A number of flows in prefect cloud are stuck in su...
# prefect-community
g
A number of flows in prefect cloud are stuck in submitted and zombie killer is not putting them to bed, any suggestions on getting them processed?
n
Hi @George Coyne - that doesn't sound out of the ordinary, zombie killer is only responsible for dealing with tasks that are running that haven't issued a heartbeat in the last 2 minutes. For flows stuck in a submitted state, the lazarus process is responsible for re-scheduling those every ~6 minutes or so, to a maximum of 10 reschedules
g
Ah true
OK manually going through and setting state to scheduled
👍 1
I have tasks queuing in submitted, I recently updated the agent, other than that nothing has changed in our cluster.
d
Hey @George Coyne what’s your new agent version?
g
0.12.6
d
We’re checking one thing on our end, just a moment
In the meantime, anything look funky in your agent logs?
Flow Run logs also clear?
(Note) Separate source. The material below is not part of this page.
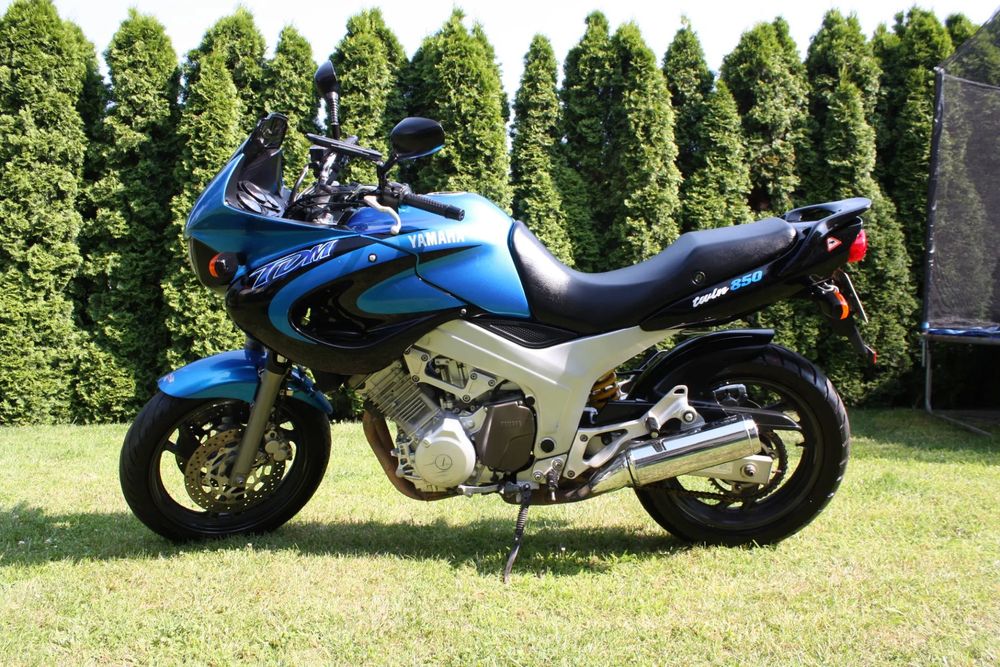 Yamaha TDM Motocykl Yamaha TDM 850 (wersja 4TX) Faktura VAT 23%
You’re running on kubernetes right? Are jobs being created properly?
Your work queue looks like it’s functioning properly to us
g
Flow run logs are good, running on k8s, it just looks like some jobs aren’t actually queueing or something? I’m digging into it a little deeper but wanted to bring it to you guys sooner rather than later
If I manually set these submitted flows back to schedule they get picked up
d
Hey @George Coyne just to double check, you’re saying that the first time the run is submitted the agent doesn’t create a k8s job but the second time the run goes into a submitted state the agent properly creates a job?
g
Inconsistently but yes, some flows get pulled perfectly, some just don’t. I can’t determine any consistency to the behavior.
d
In the logs for the flow run, there should be a job ID for the created job. Take a look at the jobs created with those IDs. What state are the jobs in? Are they “Unschedulable”?
g
That’s the thing, the jobs just don’t appear
Checking agent logs
d
🧐
g
prefect-job-8ffbfe27
for instance, stuck in submitted since 11:00 cdt
Does not appear in agent logs, does not appear in kube jobs
d
Would you shoot me that flow run ID?
g
3c45f67b-ffe9-4f9c-b0fc-da48b4a4f31d
d
Is that flow run present in your agent logs?
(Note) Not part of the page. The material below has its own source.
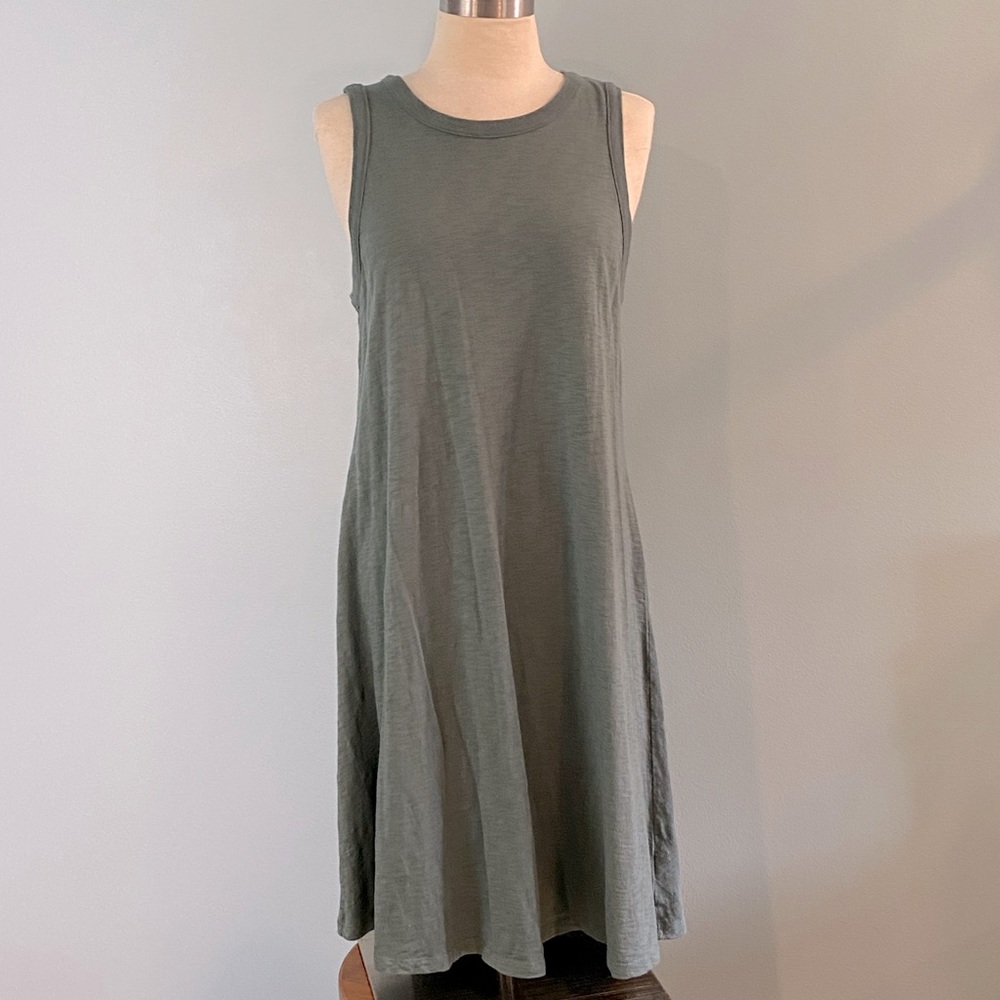 Universal Threads Sundress Sage/Teal Women’s Size Medium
Crazy question: do you have a second agent running?
j
Also one thing to confirm when checking for the job:
Copy code
kubectl get jobs --all-namespaces
The fact that it’s stuck in submitted with a job ID attached means the agent is submitting it to k8s 🤔
g
I do have a second agent running
I spun up a 11.5 agent this morning
d
ah, so it’s not picking up runs accidentally?
g
No jobs of in either cluster as of right now
and I checked both agent logs for the flow mentioned above
Will the second agent cause an issue?
d
Both agents will pick up flows unless you add labels to both agents and flows
if this is what you’re looking to do, then that’s totally fine
g
Yep I love that too, but in this situation both are running without a label
d
Gotcha, so you’re just trying to get an agent to submit a flow run?
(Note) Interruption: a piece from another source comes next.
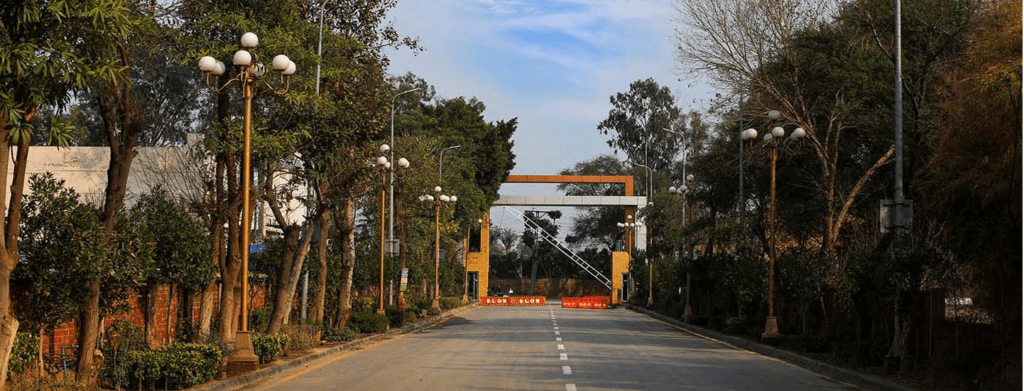 Al Kabir Town  - 5 Marla Plots For Sale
Are the agents in the same cluster?
g
Agents are in seperate clusters
d
Is the new agent performing better?
g
I am trying to understand, and stop, flows from getting submitted without running
d
Understood
Is the new agent accomplishing that goal?
g
Nope
I was blindly hoping that it would catch whatever was being skipped/missed
I’ll try removing the 12.6 agent